Ein eigener Aufschlag
Habecks Vorschläge zur inneren Sicherheit sollten wohl ein eigener Aufschlag sein, um die Partei nicht dem Vorwurf auszusetzen, keine eigenen Lösungen anzubieten. Inhaltlich stand wenig Neues in dem Papier. Habeck fordert unter anderem eine „Vollstreckungsoffensive für Haftbefehle“ – ein Vorschlag, der ihn wenig kostet. Denn dafür sind die Länder zuständig, wo die Innenministerien bisher von CDU und SPD geführt werden, wie Habeck in seinem Papier auch betont.
Unter den zehn Punkten finden sich auch Gesetze, die in der vergangenen Sitzungswoche auf der Tagesordnung des Bundestags standen, aber derzeit keine Aussicht auf eine Mehrheit haben – die Umsetzung der Reform des Europäischen Asylsystems sowie das Sicherheitspaket, mit dem Sicherheitsbehörden mehr Befugnisse bekommen sollen, unter anderem für den biometrischen Datenabgleich. „Nichtdeutsche Gefährder abschieben“, steht außerdem in dem Papier – auch das kein neuer Punkt, er steht sogar im Wahlprogramm der Grünen, ebenso wie der Vorschlag, auf Migrationsabkommen zu setzen.
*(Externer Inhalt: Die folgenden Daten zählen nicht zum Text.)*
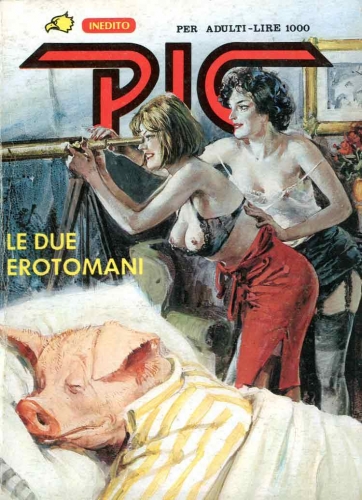Pig # 27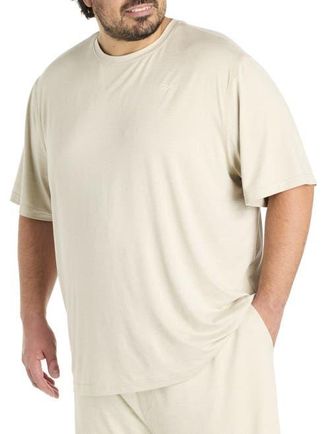 Reebok Big & Tall Performance Perfect T-Shirt in Sport Beige Heather at Nordstrom, Size 3X Big
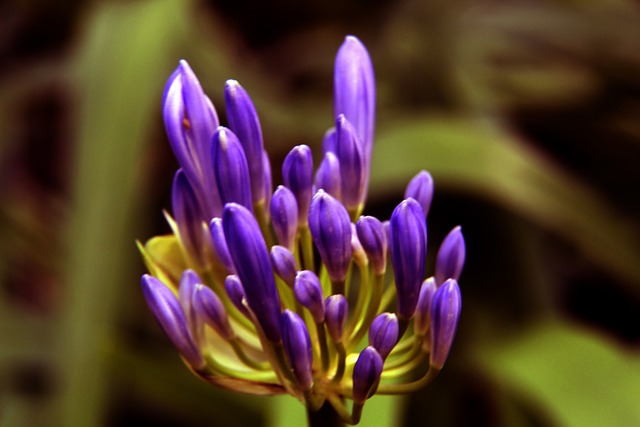 从冠军到普 从冠军到普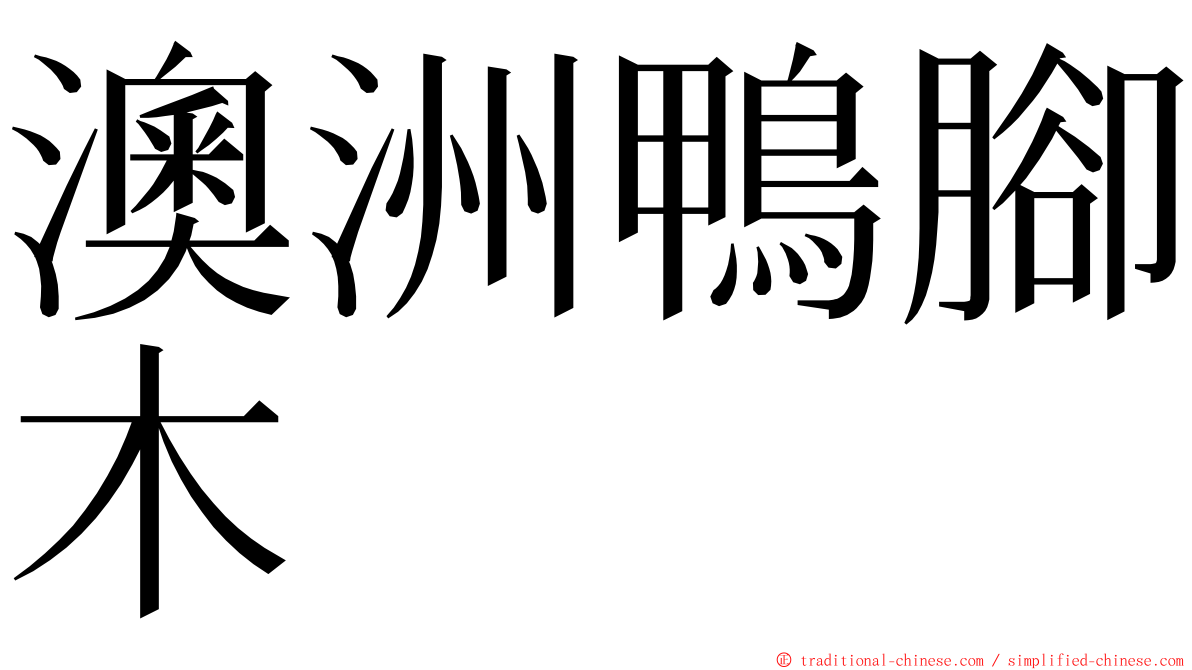 澳洲鴨腳木 ming font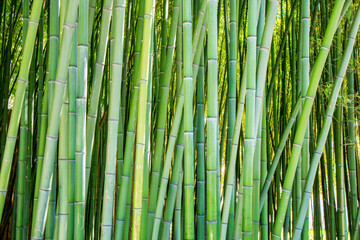 Fototapeta premium bamboo forest background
Grüne Jugend: Sozialstaat stärken, Schuldenbremse abschaffen
Der Zehn-Punkte-Plan der Grünen Jugend klingt schon in der Einleitung ganz anders als Habeck. „Der Sozialstaat ist das Fundament, von dem politische Entscheidungen getragen werden“, heißt es dort. Dazu zählten unter anderem auch Asyl- und Menschenrechtspolitik. Und weiter: „Die Beteiligung an rassistischen Debatten, der Rückbau von Infrastruktur und die pauschale Verurteilung Geflüchteter waren und bleiben Fehler.“ Mit ihren Vorschlägen fordert die Grüne Jugend unter anderem, den Sozialstaat zu stärken und die Schuldenbremse abzuschaffen, mit Prävention gegen die Radikalisierung junger Männer vorzugehen und Geflüchteten schneller Arbeitserlaubnisse auszustellen.
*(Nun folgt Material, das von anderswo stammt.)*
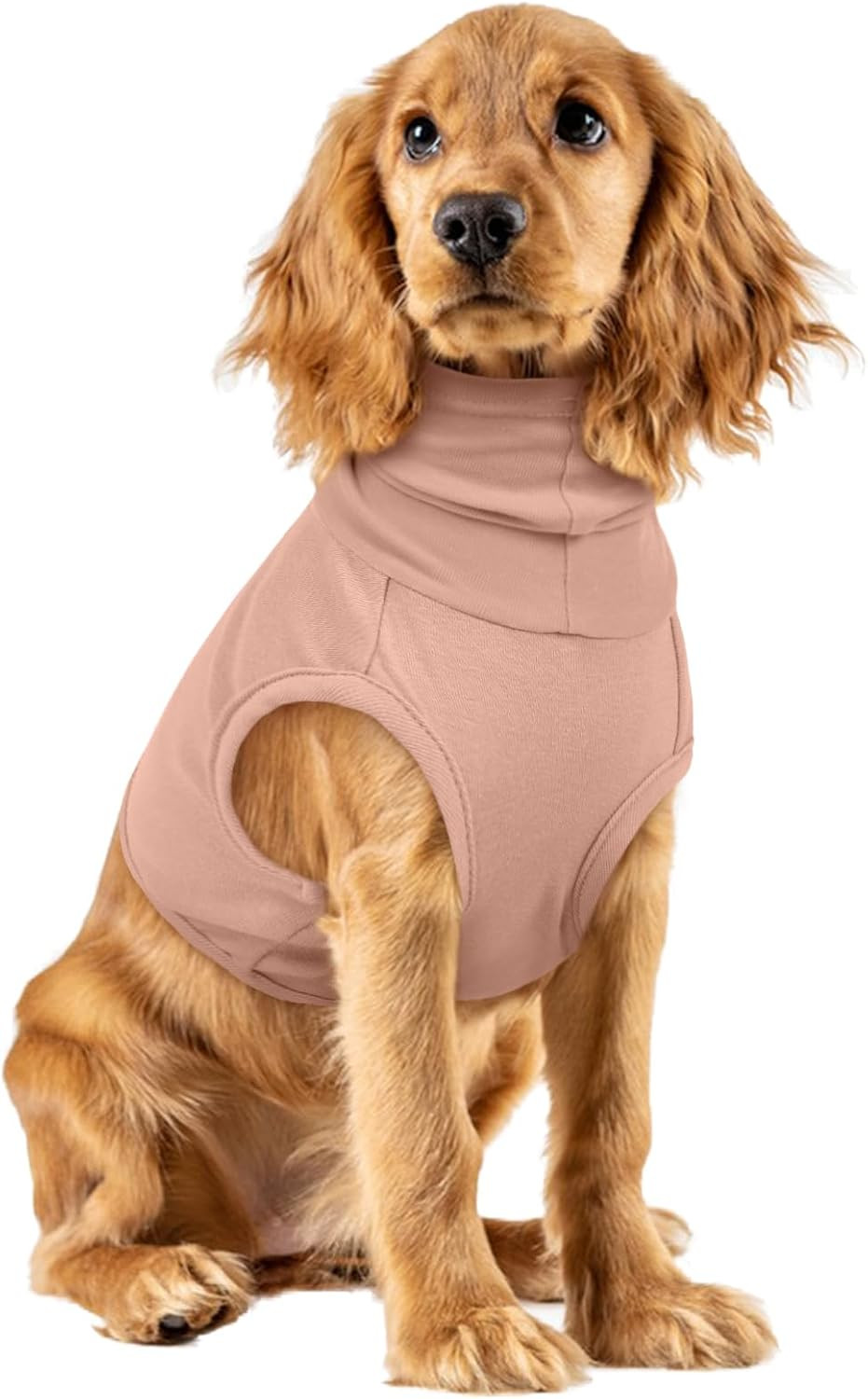Scalda Orecchie per Cani Professionale | Snood Anti-Ansia ed Elastico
Insgesamt ist die Kritik aber deutlich subtiler als die, die noch zu Beginn der Woche hören war. Als die Grünen-Bundesvorsitzende Franziska Brantner Habecks Vorschläge auf der Social-Media-Plattform Instagram postete, sammelten sich darunter so viele wütende Kommentare, dass die Beiträge wieder gelöscht wurden, wie die Deutsche Presse-Agentur und die „Bild“-Zeitung berichteten. Der niedersächsische Landesverband der Grünen Jugend warf Habeck in einem inzwischen gelöschten Post sogar eine „menschenfeindliche Abschiebepolitik, die sich an rechten Narrativen orientiert“ vor – wovon sich die Landesspitze der Grünen und die Spitzenkandidaten kurze Zeit später deutlich distanzierten.
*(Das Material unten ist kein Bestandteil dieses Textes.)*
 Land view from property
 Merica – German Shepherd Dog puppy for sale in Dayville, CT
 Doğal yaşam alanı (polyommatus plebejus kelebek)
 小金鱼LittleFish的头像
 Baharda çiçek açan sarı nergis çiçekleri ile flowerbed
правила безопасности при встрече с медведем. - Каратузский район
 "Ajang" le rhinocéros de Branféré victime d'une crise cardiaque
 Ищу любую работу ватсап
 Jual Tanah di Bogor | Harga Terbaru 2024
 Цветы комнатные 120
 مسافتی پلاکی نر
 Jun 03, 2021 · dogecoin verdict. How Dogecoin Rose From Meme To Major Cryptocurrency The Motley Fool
Nun scheint sich die Partei zu bemühen, den Streit nicht ausufern zu lassen. Vereinzelt war aus dem Linken-Flügel zu hören, dass die Kritik bei Weitem nicht so groß sei, wie es nun öffentlich dargestellt werde. Die meisten Anfragen dieser Redaktion zu dem Thema blieben aber ohne Rückmeldung – auch das ist eine Reaktion.